Jakie kroki trzeba wykonać
- Określenie cech: Ten krok obejmuje identyfikację i wyodrębnienie odpowiednich cech każdego produktu/elementu w systemie. Na przykład filmy mogą być scharakteryzowane przez takie cechy jak gatunek, aktorzy, reżyser i fabuła. Z drugiej strony, dla artykułów mogą obowiązywać kryteria: słowa kluczowe, tematy, autorzy. Tutaj możesz wykorzystać zaawansowane techniki do obsługi nieustrukturyzowanych danych, w tym przetwarzanie języka naturalnego (NLP) dla tekstu i wizję komputerową dla obrazów.
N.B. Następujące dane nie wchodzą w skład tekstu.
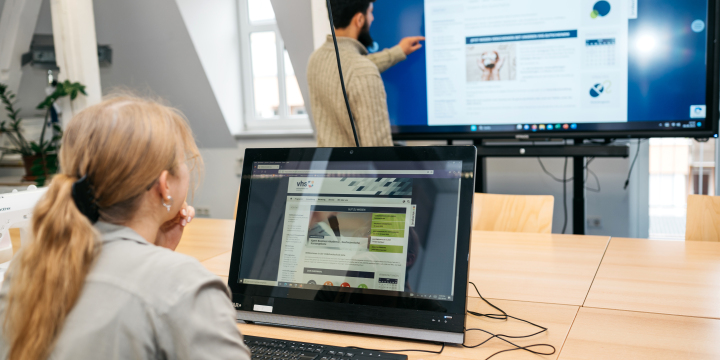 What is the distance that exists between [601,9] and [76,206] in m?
2.39

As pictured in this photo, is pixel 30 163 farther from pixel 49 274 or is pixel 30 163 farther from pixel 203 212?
pixel 49 274

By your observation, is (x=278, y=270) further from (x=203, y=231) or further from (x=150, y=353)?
(x=203, y=231)

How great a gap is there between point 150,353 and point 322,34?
2969mm

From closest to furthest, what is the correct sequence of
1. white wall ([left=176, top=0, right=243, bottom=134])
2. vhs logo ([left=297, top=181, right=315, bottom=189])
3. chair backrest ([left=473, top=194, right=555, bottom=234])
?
1. vhs logo ([left=297, top=181, right=315, bottom=189])
2. chair backrest ([left=473, top=194, right=555, bottom=234])
3. white wall ([left=176, top=0, right=243, bottom=134])

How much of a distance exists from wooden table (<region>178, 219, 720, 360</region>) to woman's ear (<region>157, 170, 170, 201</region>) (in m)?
0.37

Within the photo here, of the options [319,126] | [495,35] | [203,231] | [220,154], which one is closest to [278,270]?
[203,231]

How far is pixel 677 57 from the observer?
229 centimetres

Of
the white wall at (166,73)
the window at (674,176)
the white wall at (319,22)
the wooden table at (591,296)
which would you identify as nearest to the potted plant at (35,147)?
the white wall at (166,73)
- Tworzenie profilu: Profil użytkownika jest tworzony na podstawie jego interakcji z elementami. Zawiera on preferencje użytkownika i określa rodzaje pożądanych przez niego przedmiotów i powiązane z nimi cechy.
- Generowanie rekomendacji: System porównuje cechy przedmiotów w profilu użytkownika z cechami wszystkich dostępnych przedmiotów i generuje odpowiednie rekomendacje. Polecane są przedmioty o cechach podobnych do tych w profilu użytkownika.
- Punktacja i ranking: Rekomendowane elementy są punktowane lub klasyfikowane na podstawie ich podobieństwa do profilu użytkownika. Do obliczenia tych wyników podobieństwa można użyć różnych algorytmów, między innymi podobieństwa cosinusowego, podobieństwa Jaccard i TF-IDF (Term Frequency-Inverse Document Frequency). Wybór algorytmu zależy od typu zawartości i konkretnych wymagań aplikacji.
Gdzie ta technika jest stosowana najczęściej
Filtrowanie oparte na treści może poprawić komfort użytkowania w różnych platformach i branżach:
- Platformy e-commerce: Może rekomendować produkty klientom w oparciu o wcześniejsze zakupy, historię przeglądania i cechy produktu, tymsamym usprawniając odkrywanie i personalizację produktów.
- Usługi streamingowe: Platformy takie jak Netflix, Amazon Prime Video i Spotify wykorzystują filtrowanie treści do sugerowania filmów, programów telewizyjnych, muzyki i podcastów w oparciu o preferencje użytkownika i funkcje treści.
- Platformy społecznościowe: Facebook, Instagram i Twitter mogą rekomendować posty, filmy i konta w oparciu o zainteresowania użytkowników i cechy treści, takie jak hashtagi i tematy.
- Rekomendacje muzyczne: Usługi takie jak Pandora, Spotify i Apple Music rekomendują utwory i listy odtwarzania na podstawie historii słuchania, preferencji i funkcji muzycznych.
- Platformy odkrywania treści: Medium, YouTube i Reddit mogą sugerować artykuły, filmy i posty na podstawie zainteresowań użytkowników i cech treści.
Podsumowanie
Zauważ, że chociaż filtrowanie oparte na treści oferuje spersonalizowane rekomendacje, może czasami tworzyć “bańkę filtrującą”, ograniczając ekspozycję na różnorodne treści. Aby temu zaradzić, możesz połączyć filtrowanie oparte na treści z innymi technikami, takimi jak filtrowanie oparte na współpracy, a wtedy uzyskasz bardziej kompleksowy system rekomendacji.